The grounds of the general demurrer were: (a) the petition shows no right to a declaratory judgment; (b) the petition fails to allege that the officers and directors would not have been elected even though the votes of the proxy committee had not been counted; (c) the petition fails to show that any attempt was made to nominate any other officers or directors; (d) the petition fails to allege a challenge to any of the votes which were cast in favor of the slate elected in person or by proxy, except those cast by the proxy committee; and (e) the petition shows that no other persons were nominated, hence any votes cast for the nominees were sufficient to elect them.

It was alleged that, under the rules and regulations of the Federal Home Loan Bank Act (12 U. S.C.A. 1429), the annual meeting of the defendant association was held on January 21, 1959. At such meeting members of the association are permitted to vote in person or by proxy. Upon becoming members of the *279 association, the petitioners signed a membership card agreeing that "The official proxy committee of the institution is authorized in my absence to cast my vote or votes at any meeting of the members from year to year until this proxy is canceled in writing."

At the annual meeting for 1959, held pursuant to the rules and regulations of the association, printed ballots containing the names of the directors who had been nominated were given to the members present at the meeting — some 75 to 100 members being present. The votes of the members present and those voting by proxy were counted, and it was announced that those nominated had been elected by a large majority. It is alleged that, if the proxies which were illegally voted were legal proxies, a majority of the legal votes cast were against the election of the nominees of the nominating committee.

The rules and regulations of the association, as shown by an exhibit to the petition, provided: "Section 144.6 (a) Nominating Committee. The president, at least 30 days prior to the date of each annual meeting, shall appoint a nominating committee of three persons who are members of the association. Such committee shall make nominations for directors in writing, and deliver to the secretary such written nominations at least 15 days prior to the date of the annual meeting, which nominations shall forthwith be posted in a prominent place in the home office for the 15 days' period prior to the date of the annual meeting. Provided such committee is appointed and makes such nominations, no nominations for directors except those made by the nomination committee shall be voted upon at the annual meeting unless other nominations by members are made in writing and delivered to the secretary of the association at least 10 days prior to the date of the annual meeting, which nominations shall forthwith be posted in a prominent place in the home office for the 10 days' period prior to the date of the annual meeting. Ballots bearing the names of all persons nominated by the nominating committee and by other members prior to the annual meeting shall be provided for use by the members at the annual meeting. If at any time the president shall fail to appoint such nominating committee, or the nominating committee shall fail or refuse to act at *280 least 15 days prior to the annual meeting, nominations for directors may be made at the annual meeting by any member and shall be voted upon.

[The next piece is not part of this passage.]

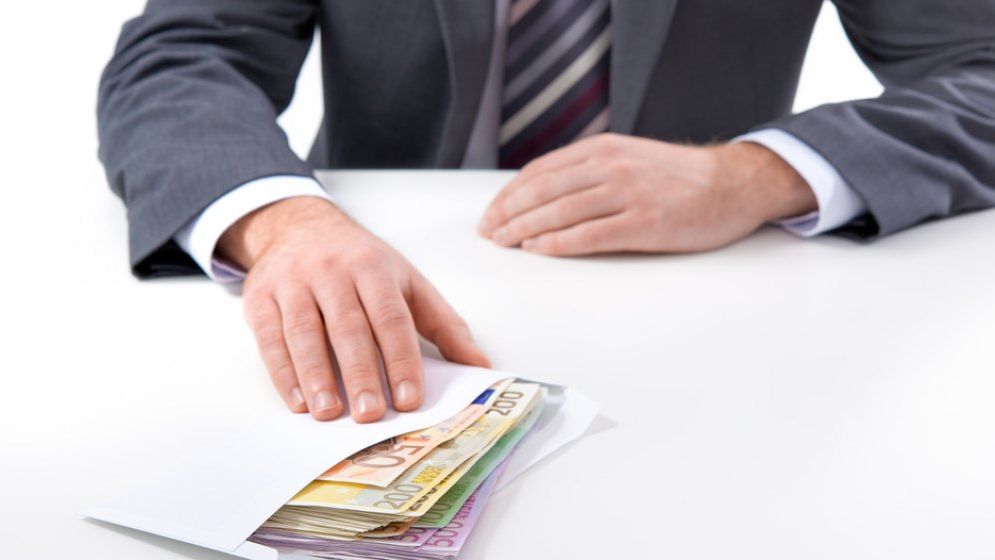 Munca la negru: Inspecția Muncii a dat amenzi de peste 1 mil. lei angajatorilor din agricultură, HoReCa și servicii, în ultimele trei luni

"(c) Voting by proxy. Voting at any annual or special meeting of the members may be made by proxy, it being provided that no proxies shall be voted at any meeting unless such proxies shall have been placed on file with the secretary of the association, for verification, at least five (5) days prior to the date on which such meeting shall convene."

It is asserted that these rules and regulations deny to the members the right to vote for persons of their choice and are contrary to law and to public policy and amount to a taking of property without just compensation and a taking of property without due process of law in violation of the Fifth Amendment to the Federal Constitution and Art. 1, Sec. 1, Pars. 1, 2, 3, 25 of the State Constitution.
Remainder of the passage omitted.